Putin’s upcoming presence on Australian soil has been a contentious topic in the wake of the downing of Malaysia Airlines Flight 17 in July over an area of eastern Ukraine controlled by pro-Russia separatists.
Thirty-eight Australian citizens and residents were among the 298 killed in the tragedy. The United States, Ukraine and others have blamed on the separatists. Russia has denied involvement.
Abbott told reporters his conversation with Putin would be “the toughest conversation of all.”
Russia: ‘Offensive, insulting’
The Kremlin has issued no official response to the remarks, but Alexander Odoevskiy, second secretary and spokesman at the Russian Embassy in Canberra, told CNN the comments were “immature,” “offensive” and “insulting.”
“Some say it’s tough talk. We say it’s immature talk,” he said. “Definitely, it’s personal and insulting. It’s not the usual way one leader can communicate with another leader.”
Odoevskiy said the obscure Australian sporting reference suggested the comments were directed to a domestic audience.

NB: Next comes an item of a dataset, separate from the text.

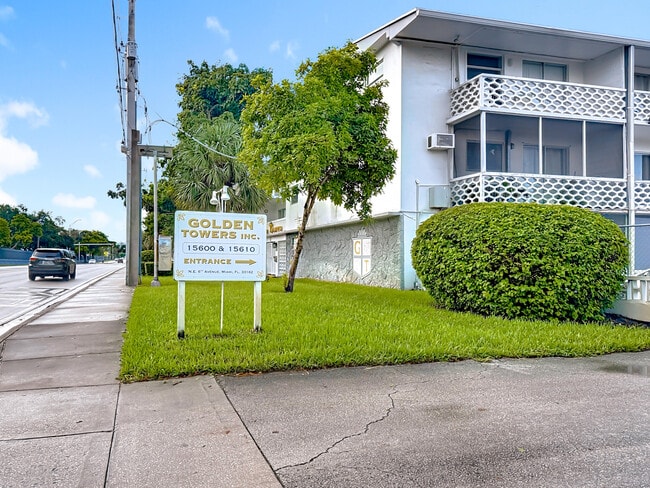 Photo - 15610 NE 6th Ave Unidad 37b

“What we have … is a high-profile, media-oriented, politicized statement that is of no value to achieve the outcomes of the ongoing (MH17) investigation,” he said.
“From the Russian perspective, we think the West has lost interest in learning the truth about MH17.”
Abbott has faced calls to bar Putin from the G20 Leaders’ Summit. But on Sunday, Australian Treasurer Joe Hockey confirmed to public broadcaster ABC that Putin would attend, saying G20 member nations were in consensus that he should be there.
Opposition leader Bill Shorten told reporters Monday: “When you deal with an international bully, the way you do it isn’t by laying out the red carpet, so no, I don’t think he’s welcome. I don’t think most Australians want him here.”
Odoevskiy said that although Putin currently is preparing for the summit, there were no requests from either side at present for a bilateral meeting between the two countries.
Abbott’s comments were picked up by Russian media, as well, with Pravda, the newspaper associated with the Russian Communist Party, returning fire in an editorial decrying Australia’s “insolence” and “colonial chip on its shoulder.”
It slammed Abbott as “rude, insolent, insulting, impolite, impertinent, unpolished, gross, unpleasant and downright impudent.”